▶ **SUPPLIED ENTRIES**:
□ □ □

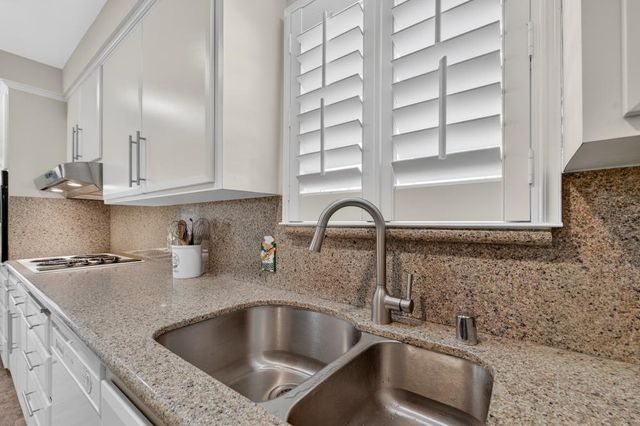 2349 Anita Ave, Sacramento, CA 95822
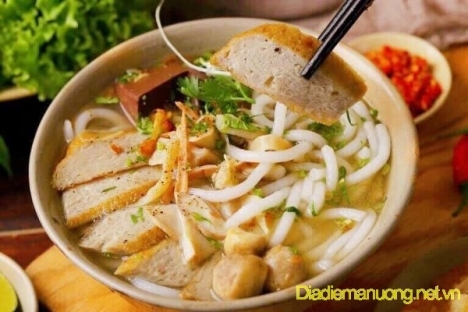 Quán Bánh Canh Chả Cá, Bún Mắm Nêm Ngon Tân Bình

□ □ □

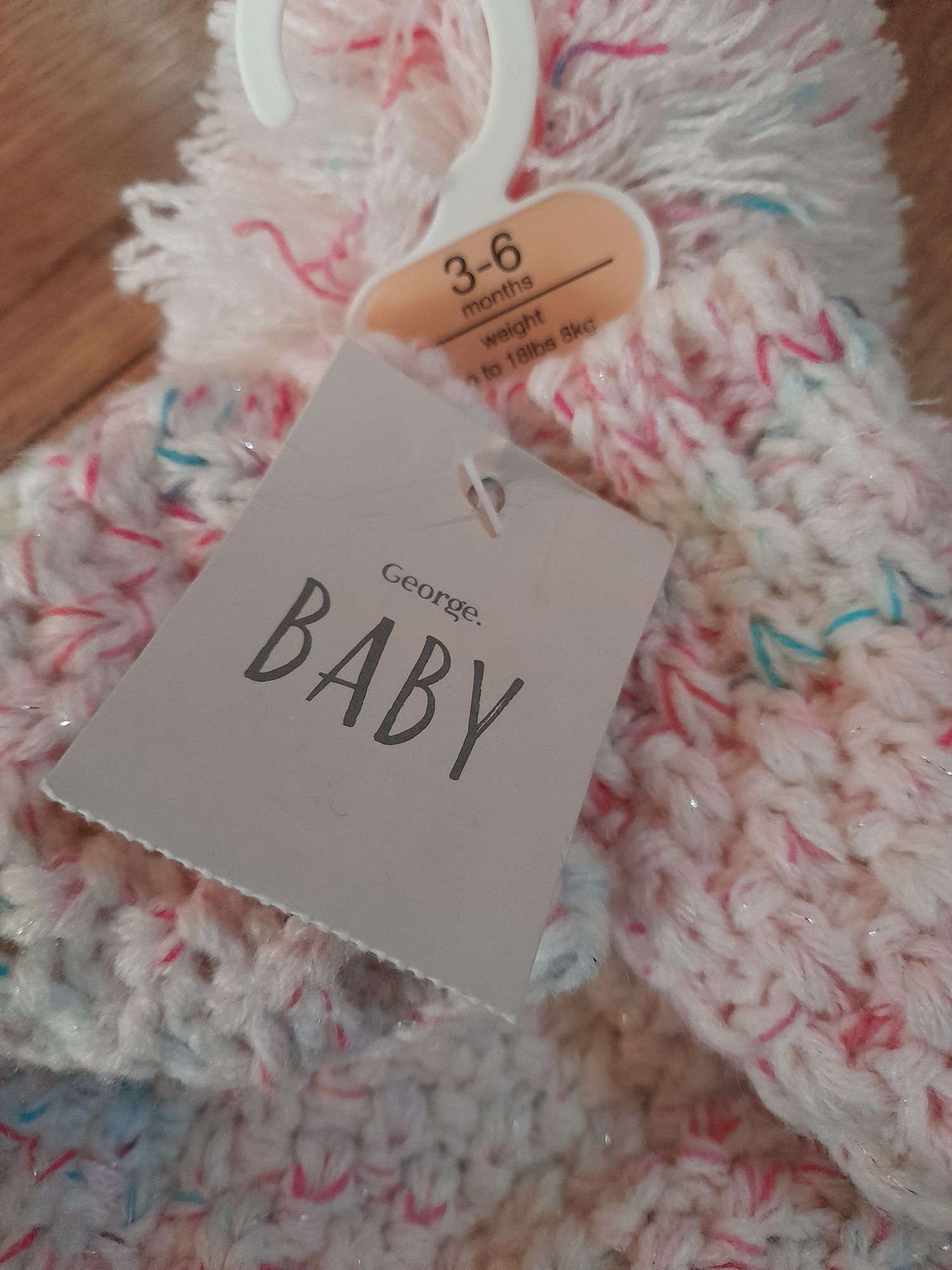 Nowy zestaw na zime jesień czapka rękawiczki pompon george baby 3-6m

□ □ □

▶ **EXERCISE GOAL**: An exact copy is needed. It runs from the line above containing "2349 Anita Ave, Sacramento, CA 95822" down to the line containing "Quán Bánh Canh", both included, with no pictures.

▶ **SOLUTION FOR THIS EXERCISE**:
 2349 Anita Ave, Sacramento, CA 95822
 Quán Bánh Canh Chả Cá, Bún Mắm Nêm Ngon Tân Bình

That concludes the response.